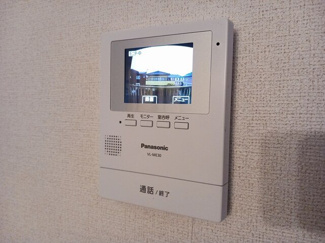 【セキュリティ】 | ポテトハイムＢ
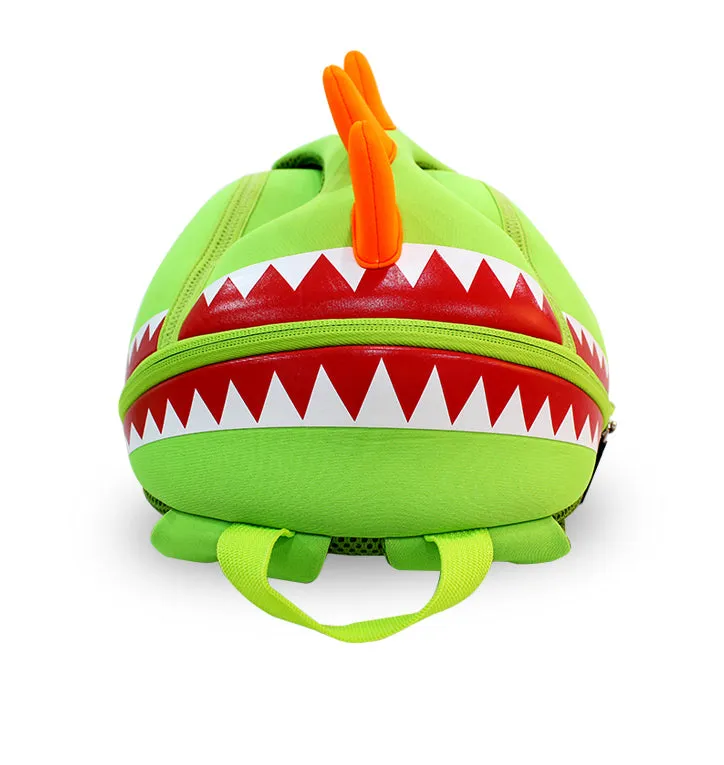 Dinosaur Backpack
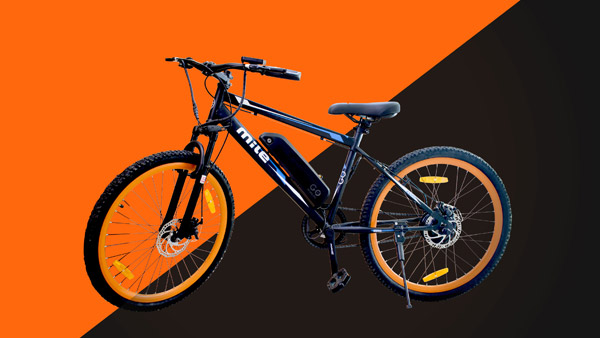 ಹೊಸ ಸರಣಿಯ ಇ-ಬೈಸಿಕಲ್ ಬಿಡುಗಡೆಗೊಳಿಸಿದ ಗೋಜೀರೊ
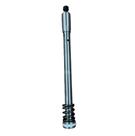 Tubo inferior flauta bengala titan 150 2004-2015 fan 150 2010-2015 titan 160 fan 160 2016-2020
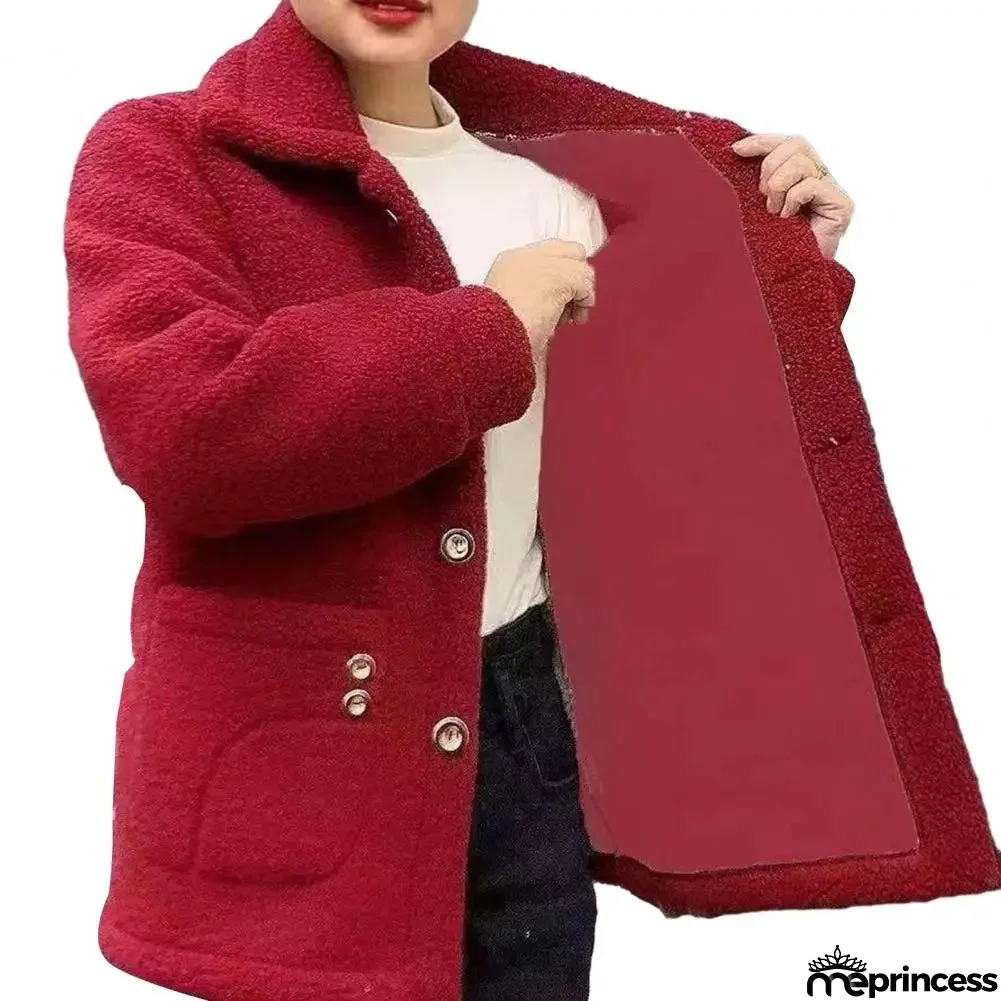 Fashionable and Effortless Jacket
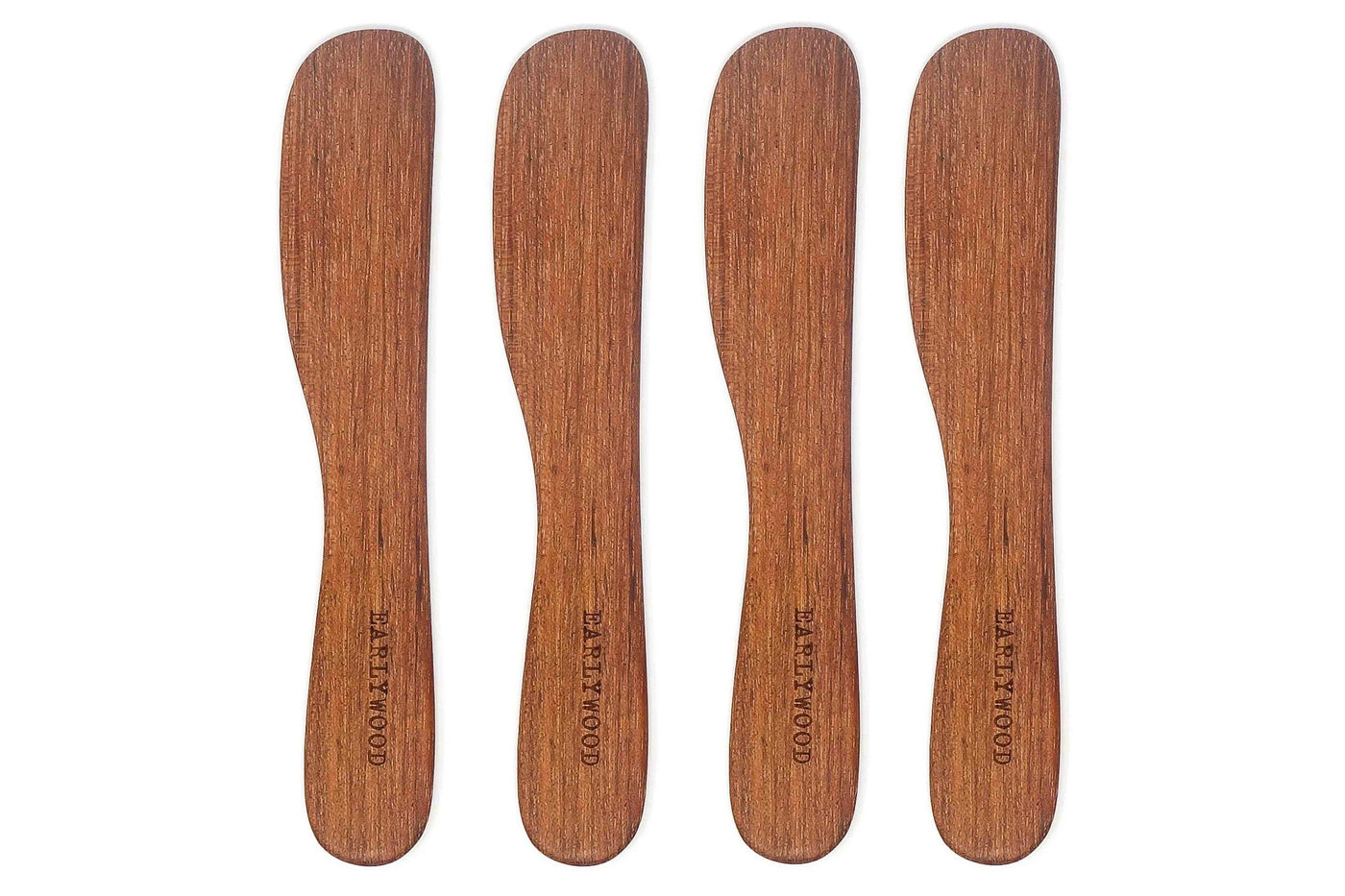 Wooden Spreader Set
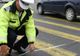 Accident rutier pe DN1,  în zona Păulești. O persoană de 70 de ani a fost rănită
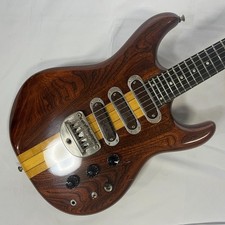 GRECO GO-II-750 NATURAL 1979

**Your instructions**
Set down the entries shown above once more, exactly as they read, but without pictures.

**Completed task**
 【セキュリティ】 | ポテトハイムＢ
 Dinosaur Backpack
 ಹೊಸ ಸರಣಿಯ ಇ-ಬೈಸಿಕಲ್ ಬಿಡುಗಡೆಗೊಳಿಸಿದ ಗೋಜೀರೊ
 Tubo inferior flauta bengala titan 150 2004-2015 fan 150 2010-2015 titan 160 fan 160 2016-2020
 Fashionable and Effortless Jacket
 Wooden Spreader Set
 Accident rutier pe DN1,  în zona Păulești. O persoană de 70 de ani a fost rănită
 GRECO GO-II-750 NATURAL 1979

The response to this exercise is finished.